It's not just that the companies' revenue numbers are slowing with orders being pushed out, but the safety blanket of ready capital is gone, and the vendors must survive a profitability 'sanity check' for the duration of the capital market slowdown. And that becomes even harder with other factors at play, specifically:
Trust. The days of established companies trusting the viability of small security startups are gone. Most enterprises are asking startups for audited financials to demonstrate their viability, because they want to know their vendors will be around for a year or two. Most start-ups' quarterly numbers hinge on landing enterprise clients, with focused sale and development efforts to land larger clients. Startup firms don't keep 24 months of cash lying around as it is considered wasteful in the eyes of the venture firms that back them, and they need to use their money to execute on the business plan. As most startups have financials that make public company CFOs gasp for breath, this is not a happy development for their sales teams or their VCs alike.
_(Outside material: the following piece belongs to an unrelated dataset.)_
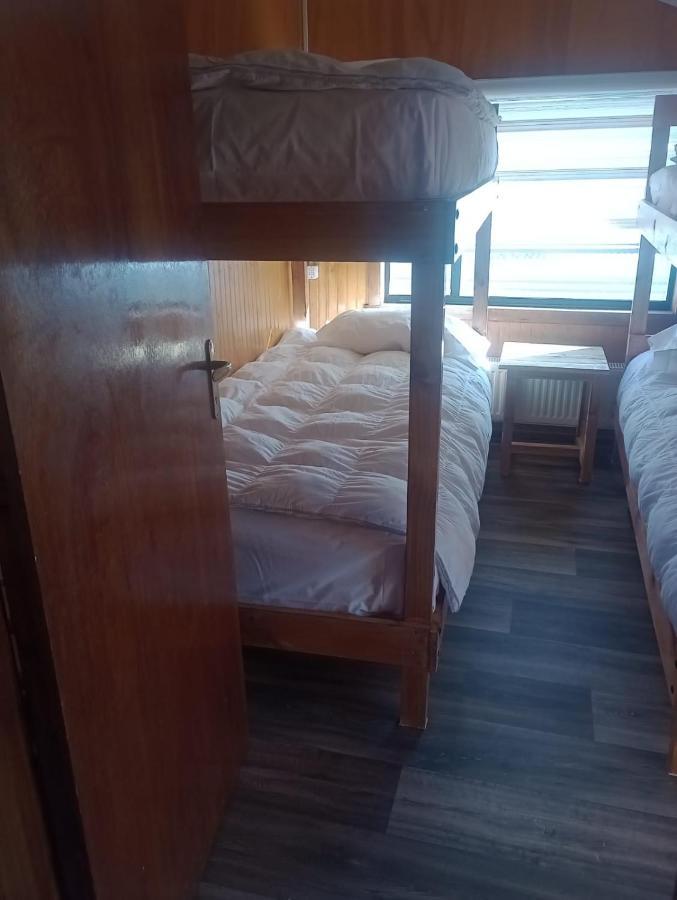 Isla Yu Backpacker Hostel ปวยร์โตนาตาเลส ภายนอก รูปภาพ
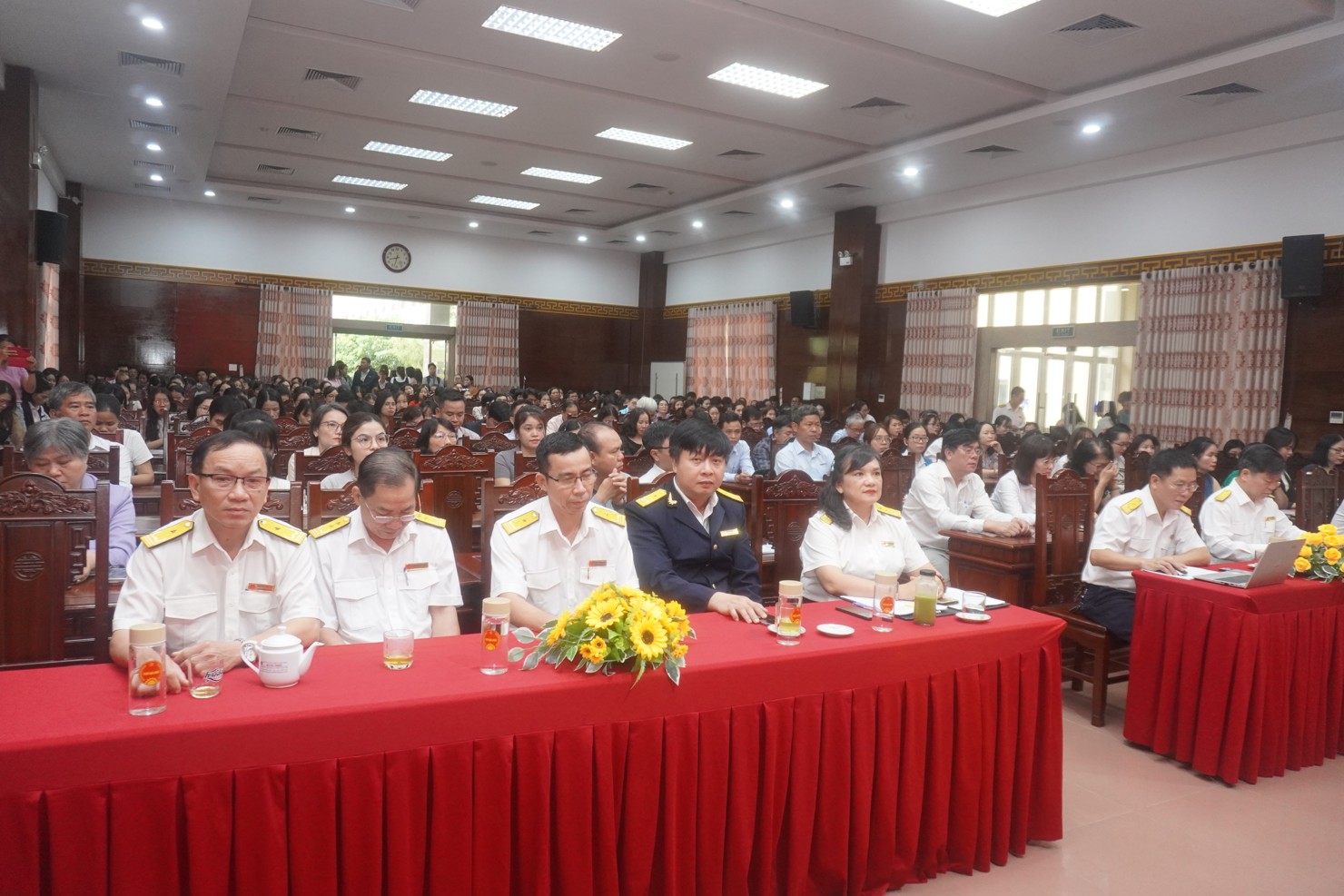 Toàn cảnh hội nghị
Breadth of function. Enterprises are looking to solve business problems, and those business problems are not defined as database security issues. Enterprises customers have trended towards purchase of suites that provide breadth of functions, which can be mixed and matched as needed for security and compliance. The individual functions may not be best of breed, but the customer tends to get pieces that are good enough, and at a better price. Database security offers a lot of value, but if the market driver is compliance, most of vendors offer too small a piece to assure compliance themselves.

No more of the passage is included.